Drawing from childhood memories and age-old Mykonian recipes, Executive Chef Michalis Kikis, on his second year at the helm of Reeza restaurant, has created a nimble, fine dining menu based on traditional Greek cuisine, creatively reinterpreted through a contemporary lens. Prepared by Head in-house Chef Panagiotis Zafeiris, whom Reeza snatched from one-Michelin star Social Eating House in London, the menu embraces flavours and technique from across the Mediterranean celebrating Greece’s culinary heritage in a cosmopolitan manner befitting an island like Mykonos.
A choice of eleven entrees for vegan, pescatarian and meat eaters are complemented by an eclectic selection of starters and desserts, all of which fit onto a one-page menu – a patron-friendly gesture that is much appreciated. Starters that caught our eye include Prawn Carpaccio “Saganaki”, which marries Japanese, Italian and Greek culinary traditions into one painterly dish, crab and black rice filled ‘dolma’ which is served with a rich egg-lemon sauce, and the Smoked Beef Tartar ingeniously combining truffles with ‘metsovone’, a semi-hard smoked cheese from Northern Greece, similar to the Italian provolone.
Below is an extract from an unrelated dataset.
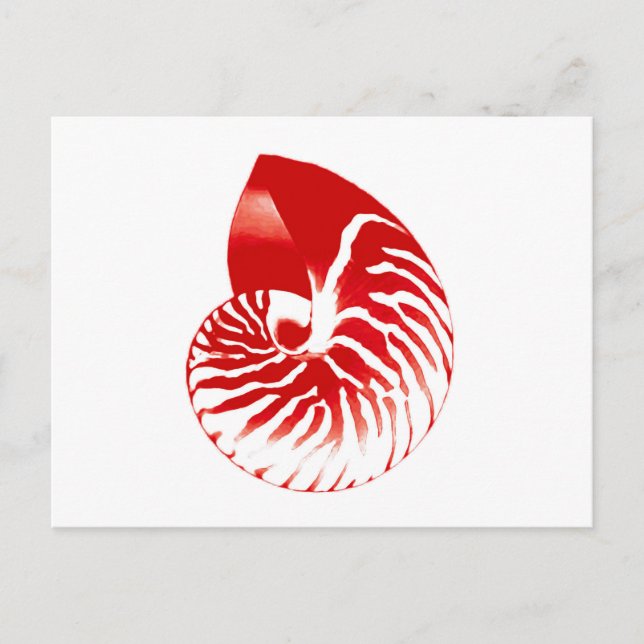 Carte Postale Coquille de Nautilus - rouge foncé et blanc (Devant)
Served on plain, hand-crafted ceramic plates and bowls, each dish is a delight for both eyes and palate. The Beet Cannoli for instance, an abstract composition of colours and shapes, looks like a painting by Surrealist artist Joan Miro, while the Red Mullet Escabèche, a nifty version of the classic Spanish recipe enriched with artichoke textures, pickled vegetables and a tomato vinaigrette, stands out in its figurative playfulness. We also utterly enjoyed the buttery texture of the celery hollandaise in the Cod Prassoselino, the Seabass Fricassee for its wreath-like composition of cockles, mussels and sea beans, and the superbly cooked tenderloin steak served with carrot mash, yogurt and a lovely lamb jus.
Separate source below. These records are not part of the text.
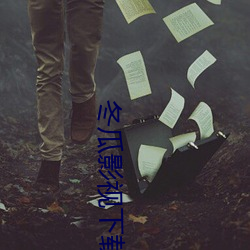 冬瓜影视下载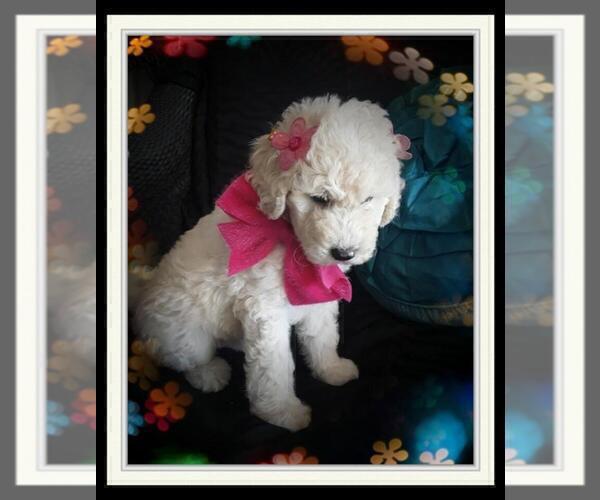 Medium Photo #3 Sheepadoodle Puppy For Sale in RIALTO, CA, USA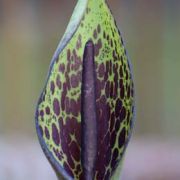 Image of Arum dioscoridis var. cyprium (Schott) Engl..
For desert, pastry chef Spiros Artelaris, who is also in charge of pastries at Scorpios, has created four exceptional desserts that perfectly complement the menu’s Mediterranean flavours. We were particularly impressed with the Sour Cherry, a glazed, ruby-red, cherry-shaped masterpiece sitting on a bitter chocolate crumble, and the Peach Carpaccio’s heavenly chamomile sorbet (our mouths are watering as we are typing this). Rounding up a stellar culinary experience, the dinner concludes with a selection of petit fours, colourful, bite-sized delights artfully prepared by Artelaris, which echoes Kikis’ delightful amuse-bouche welcoming guests at the beginning of the meal.
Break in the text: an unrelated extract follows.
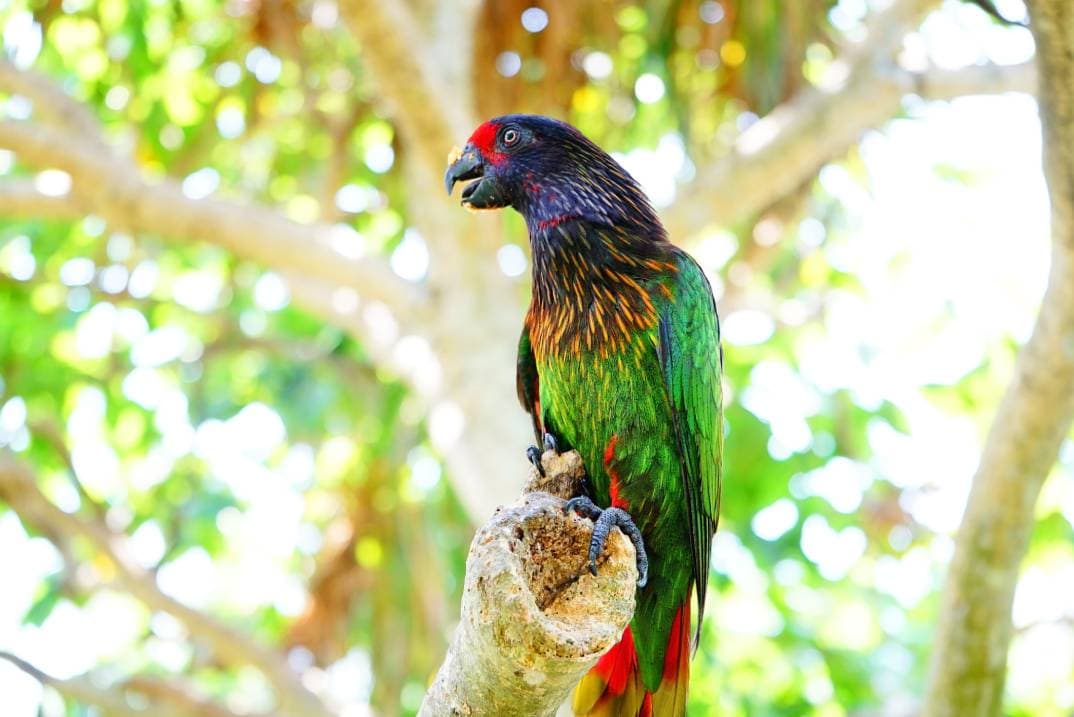 Parrot open beak on the tree_ creator88_Shutterstock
Three degustation menus give guests the opportunity to taste a wider, expertly curated selection of the menu that would otherwise require multiple visits, although, if you have days to spare, we’d recommend revisiting Reeza more than once. The glorious food, the immaculate service, the scenic setting, the laidback ambience: they all merge into a sublime evening that you’d want to repeat, again and again, preferably for an early dinner to bear witness to that most magical of spectacles that is the sunset over the Aegean.